Is history repeating itself?

With the ascendence of far-right populist politics, Scott Houghton explores parallels with the pre-war world of the 1930s.With the ascendence of far-right populist politics, Scott Houghton explores parallels with the pre-war world of the 1930s.

The far-right in Europe and the United States have been gathering pace for a number of years but only recently has it had such a sizeable place in modern politics, especially since the end of the Second World War.

They arrive at a time when many feel isolated by mainstream politics and where many feel that politicians don’t listen to them.

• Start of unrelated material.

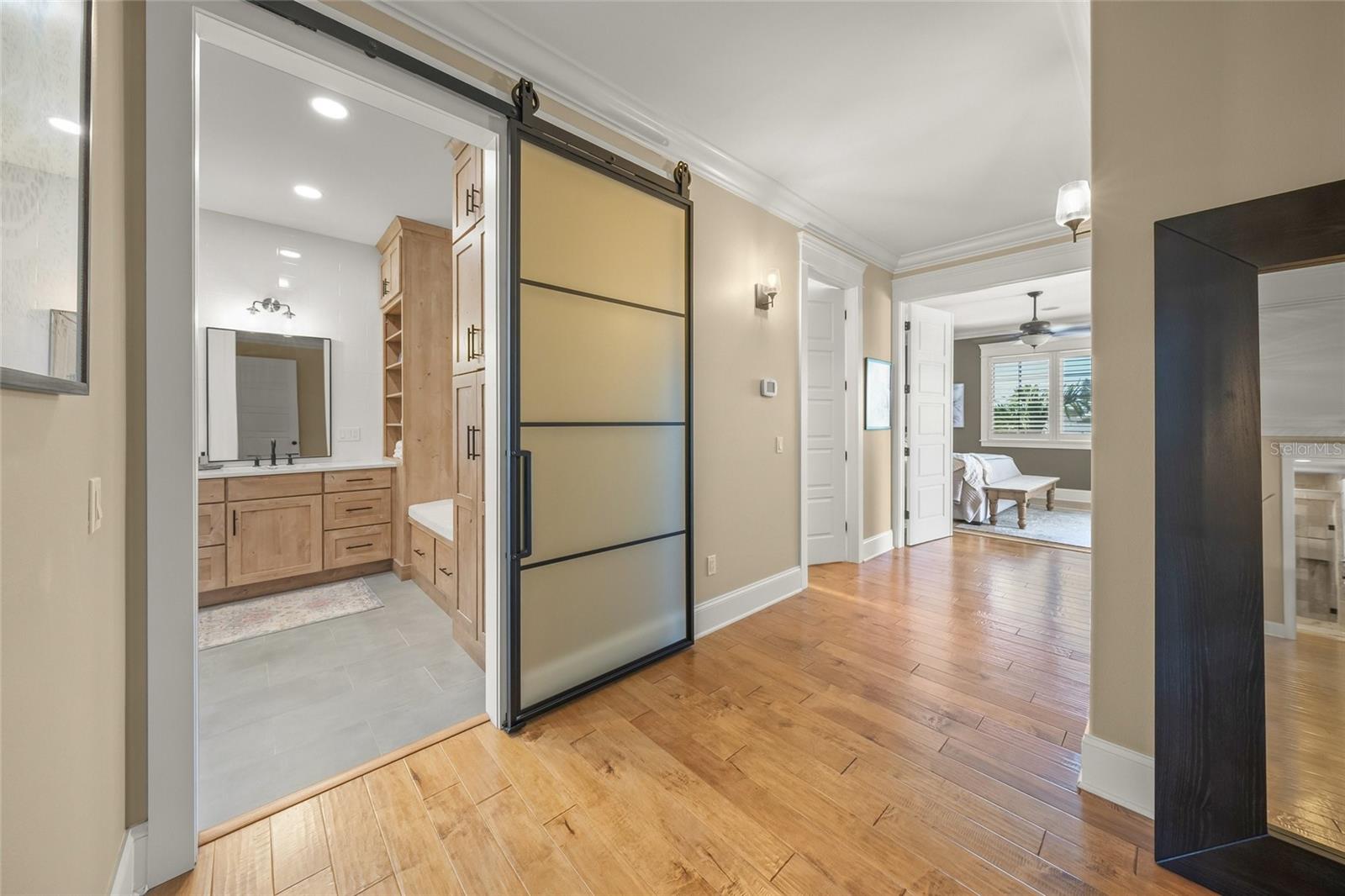 A4648533 Property Photo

They have garnered support from those still reeling from the consequences of the 2008 recession and a corresponding fall in living standards has added to the feelings of loss, fear, and isolation. For many in the United States, this has been ongoing since the 1970s. The election of Donald Trump as President of the United States in November 2016, as well as his authoritarian and racist rhetoric, has led many to ask an alarming question: is history repeating itself?

“What are we seeing now is a new kind of authoritarianism that has ceased on the inability of mainstream politicians to change the present system”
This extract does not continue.